SUPPLIED MATERIAL =>

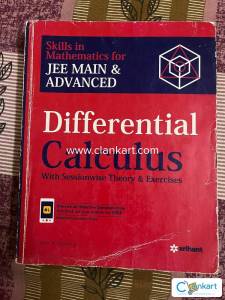 Differential Calculus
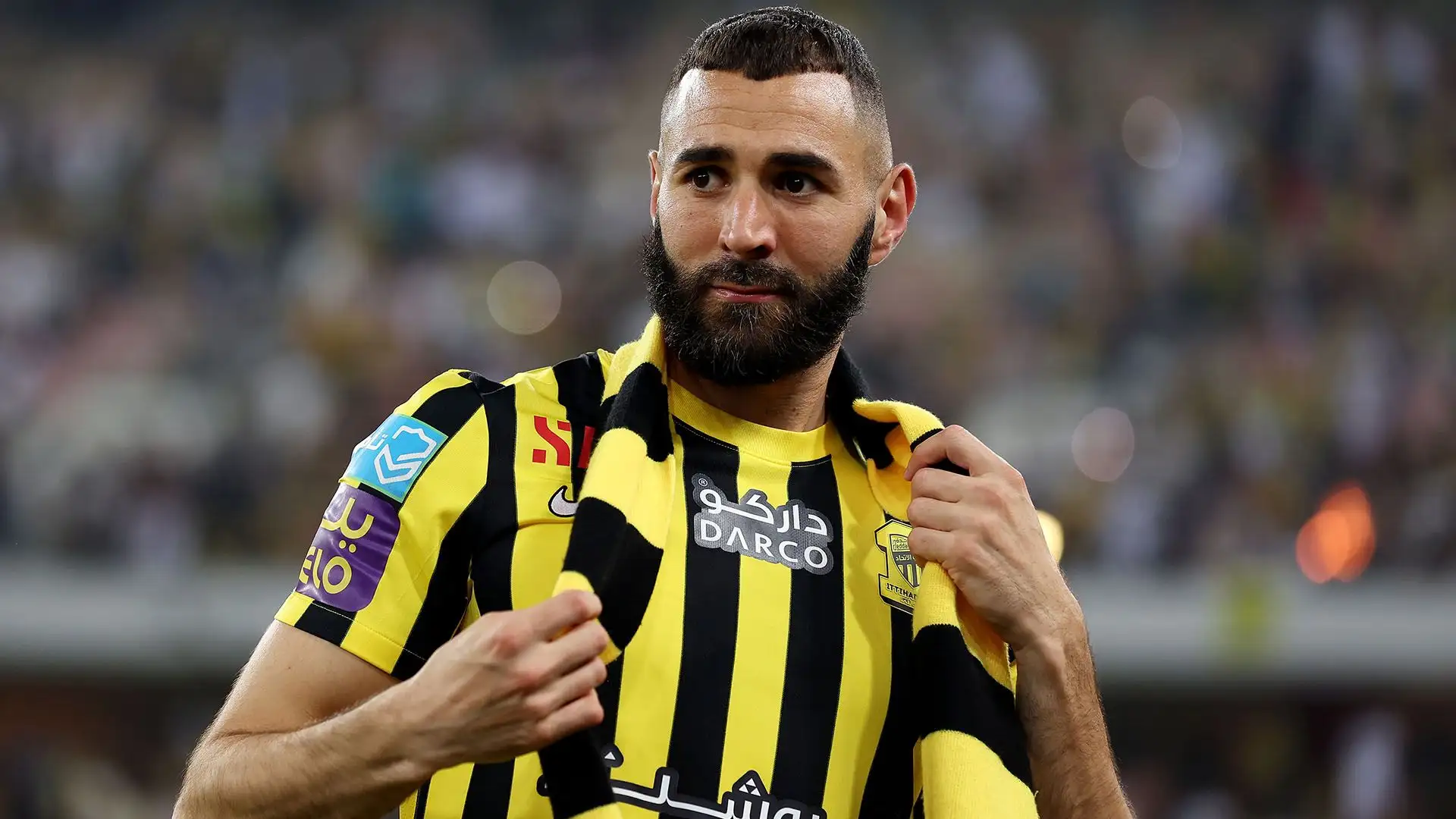 Si è trasferito gratuitamente nel club arabo
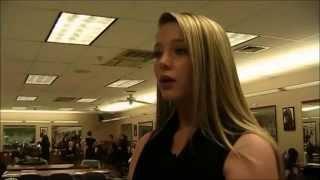 Students reflect on their time at Tri-County RVTHS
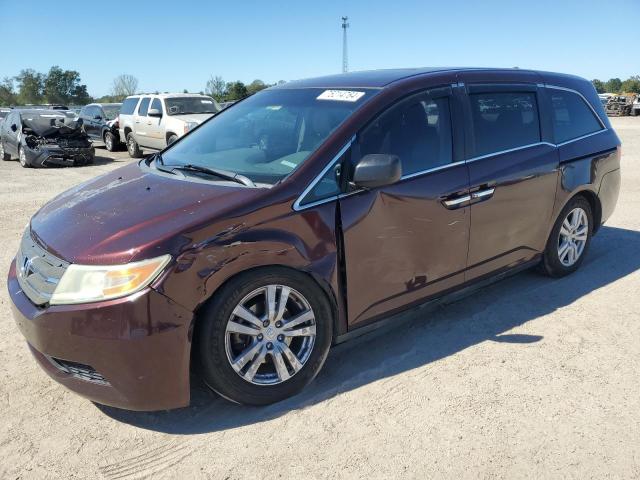 honda odyssey ex 2011 5fnrl5h65bb043001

HOW TO COMPLETE THIS TASK =>
Could you return exactly the lines starting with the one that contains "Students reflect on" and ending with the last line of the data above? Leave the pictures out.

TASK RESPONSE =>
 Students reflect on their time at Tri-County RVTHS
 honda odyssey ex 2011 5fnrl5h65bb043001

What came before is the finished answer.